In connection with the debt refinancing, the Company deferred $18 million in new lender fees and third-party costs associated with the issuance of new term loans (Term Loan A, due June 2030 and Term Loan B, due June 2032). Deferred financing costs under the previous term loans of $9 million were also carried over to the new term loans. These deferred costs are presented as a deduction of debt balance and are amortized over the related terms of debt using the effective interest method.

In connection with the debt refinancing, third-party debt issuance costs of $9 million that did not qualify for deferral were expensed and included in selling, general and administrative expenses in the accompanying Condensed Consolidated Statements of Operations for the three and six months ended June 30, 2025.

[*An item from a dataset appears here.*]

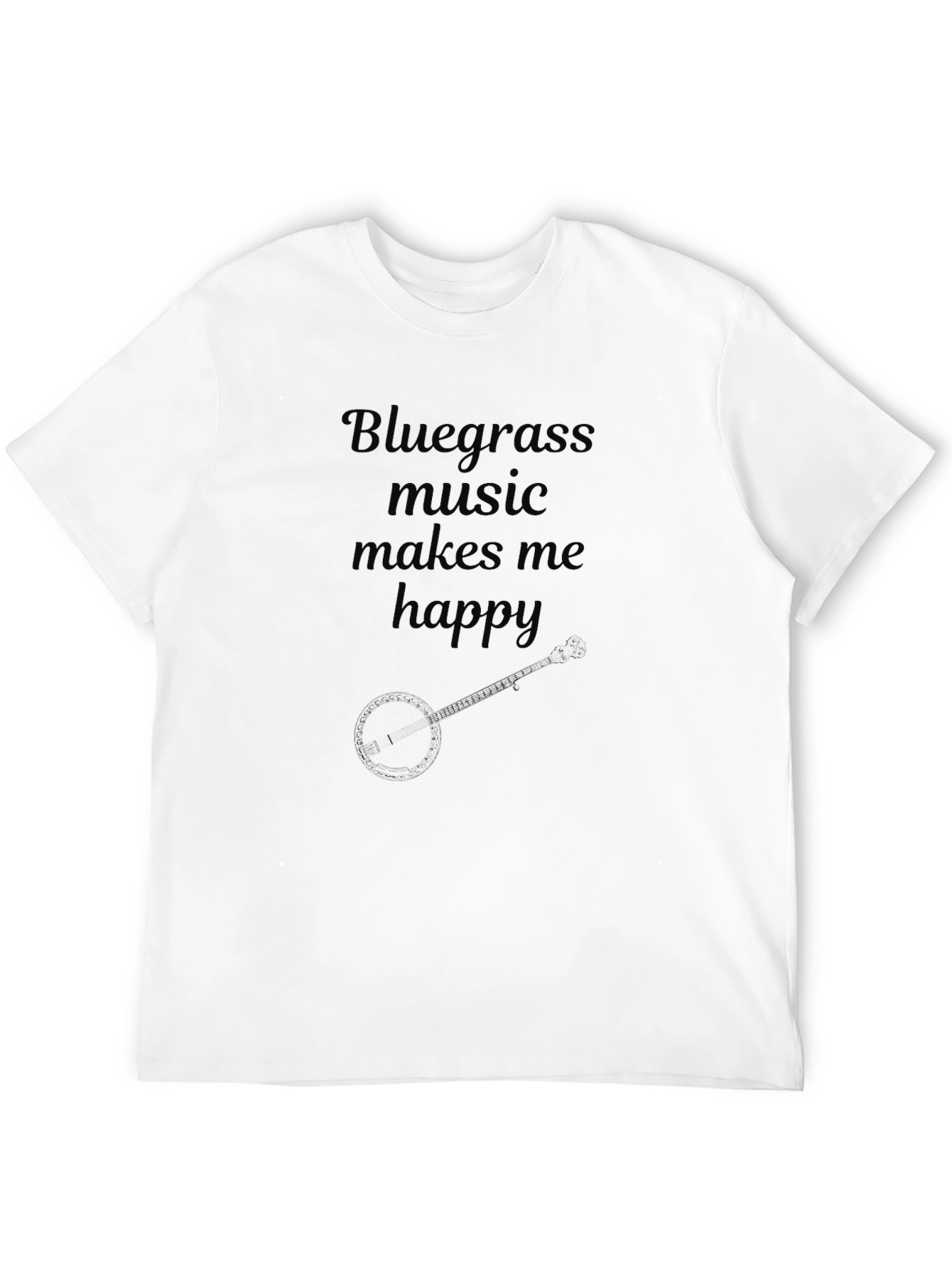 Black Bluegrass Music Makes Me Happy Black T-Shirt view 12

Unused Commitments and Borrowing Availability

Nexstar and Mission had $586 million (net of outstanding standby letters of credit of $20 million) and $14 million, respectively, of unused revolving loan commitments under their senior secured credit facilities, all of which were available for borrowing, based on the covenant calculations as of June 30, 2025. The Company’s ability to access funds under the senior secured credit facilities depends, in part, on its compliance with certain financial covenants. As of June 30, 2025, the Company was in compliance with its financial covenants.

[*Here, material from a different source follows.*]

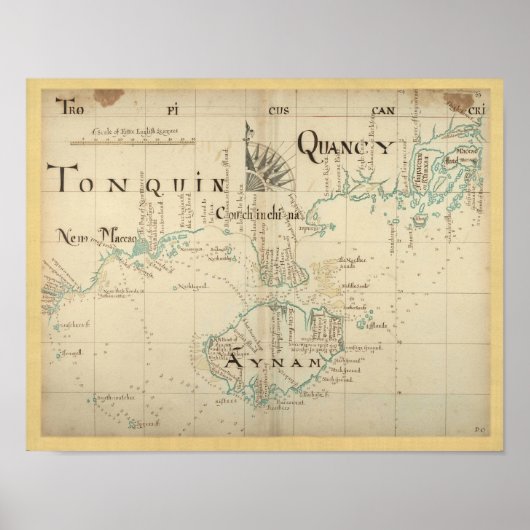 Poster Authentique carte pirate de 1690 (Devant)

Collateralization and Guarantees of Debt

The Company’s credit facilities described above are collateralized by a security interest in substantially all the combined assets, excluding FCC licenses, the other assets of consolidated VIEs unavailable to creditors of Nexstar (see Note 2) and the assets of The CW. Nexstar (excluding The CW) guarantees full payment of all obligations incurred under the Mission senior secured credit facility in the event of Mission’s default. Mission is a guarantor of Nexstar’s senior secured credit facility, Nexstar’s 5.625% Notes, due July 2027 and Nexstar’s 4.75% Notes, due November 2028.

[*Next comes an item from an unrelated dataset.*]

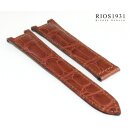 RIOS1931 Alligator Uhrenarmband für Cartier Pasha mahagoni 18/16 mm für Faltschließe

In consideration of Nexstar’s guarantee of the Mission senior secured credit facility, Mission has granted Nexstar purchase options to acquire the assets and assume the liabilities of each Mission station, subject to FCC consent. These option agreements, which expire on various dates between 2026 and 2034, are freely exercisable or assignable by Nexstar without consent or approval by Mission. The Company expects these option agreements to be renewed upon expiration.

Debt Covenants

The Nexstar credit agreement (senior secured credit facility) contains a covenant which requires Nexstar to comply with a maximum consolidated first lien net leverage ratio of 4.25:1.00. Pursuant to the amended Nexstar credit agreement, this covenant ratio at Nexstar’s election will increase to 4.75:1.00 with respect to the last day of the fiscal quarter during which a Material Transaction (as defined therein) shall have been consummated and the last day of each of the immediately following three consecutive fiscal quarters; provided that no more than two such elections will be made over the life of the facility. The financial covenant, which is formally calculated on a quarterly basis, is based on the combined results of the Company, excluding the operating results of The CW, which Nexstar designated as an unrestricted subsidiary under its credit agreements and indentures. The Mission amended credit agreement does not contain financial covenant ratio requirements but does provide for default in the event Nexstar does not comply with all covenants contained in its credit agreement. As of June 30, 2025, the Company was in compliance with its financial covenants.